Corporate bonds/Non Convertible Debentures (NCDs)

These are debt securities issued by public and private companies to supplement their funding requirements. Corporate bonds typically offer higher interest rate in comparison to fixed deposits.

Example of NCDs: In July 2014, Shriram Transport Finance had raised about Rs 3,000 Cr. through a primary issuance of NCDs. The interest coupon offered to individual investors was 10.7-11.5%, depending on the payout option and tenure of the bond.

When the companies issues shares, you become a shareholder and when it issue bonds/NCDs, you become a lender.

Note: Investors should satisfy themselves about the ability of the borrower to repay back the funds at the time of maturity. Senior citizens and conservative investors should choose highly rated and strong institutions.

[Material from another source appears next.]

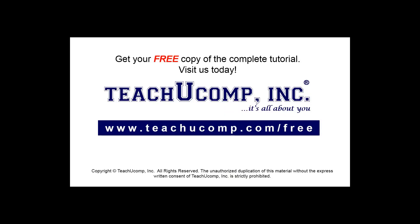Get your free copy of the complete tutorial at www.teachyoucomp.com/free.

Company Fixed Deposits (FDs) vs. Non Convertible Debentures (NCDs) – Difference

  • Safety:NCDs are secured instruments where lenders can claim if the company fails to repay whereas Company FDs are unsecured and more risky.
  • Liquidity:NCDs are traded on exchanges. NCDs give investors the option to sell their units back to the issuer after a specific period. On the other hand, Company FDs are not traded on exchanges.

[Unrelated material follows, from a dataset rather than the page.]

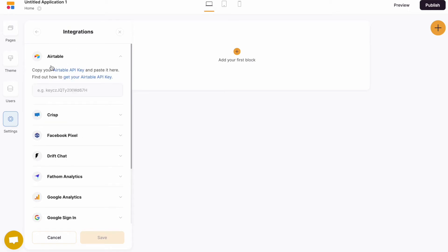Now we want to try and find your Airtable API key, so let's jump across to your Airtable account.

Find a list of Corporate Bond Listed on the Exchange

Tax Considerations

Interest earned from fixed deposits and corporate bonds and deposits is not tax-free and is taxed as per the an investor’s tax slab. Some banks offer “Tax-saver Fixed Deposit” in which money invested is locked-in for at least 5 years. This is the minimum time-requirement to qualify for the deduction. The maximum amount allowed as deduction is Rs.1.5 lakhs.

The government at times allow some companies to issue tax-free bonds for retail investors.This is mostly when the proceeds are being utilized for some purpose of national interest like building infrastructure (infra-bonds) etc.

Few words on other fixed income options:

  • Public Provident Fund (PPF): Public provident funds can be opened with any post office or a bank. PPF investment offers an 8.70 % return, and has a maturity of 15 years. The maximum that can be invested in a year being Rs 1.5 lakh, that counts for tax deduction under 80 (C). Not only the money you invest in PPF is exempt from tax, the interest you earn on the PPF investment is also exempt from tax. IF YOU ARE LOOKING AT YOUR FIRST FIXED INCOME INVESTMENT. THIS IS THE BEST PLACE WHERE YOU SHOULD START INVESTING.
  • National Savings Certificates (NSC): National Savings Certificates are issued by the department of Posts and are available at all post office counters in the country and provide an interest rate of 8.5 % for 5 years and 8.8 % for 10 years. The maximum that can be invested in a year is Rs 1 lakh, that counts for tax deduction under 80 (C).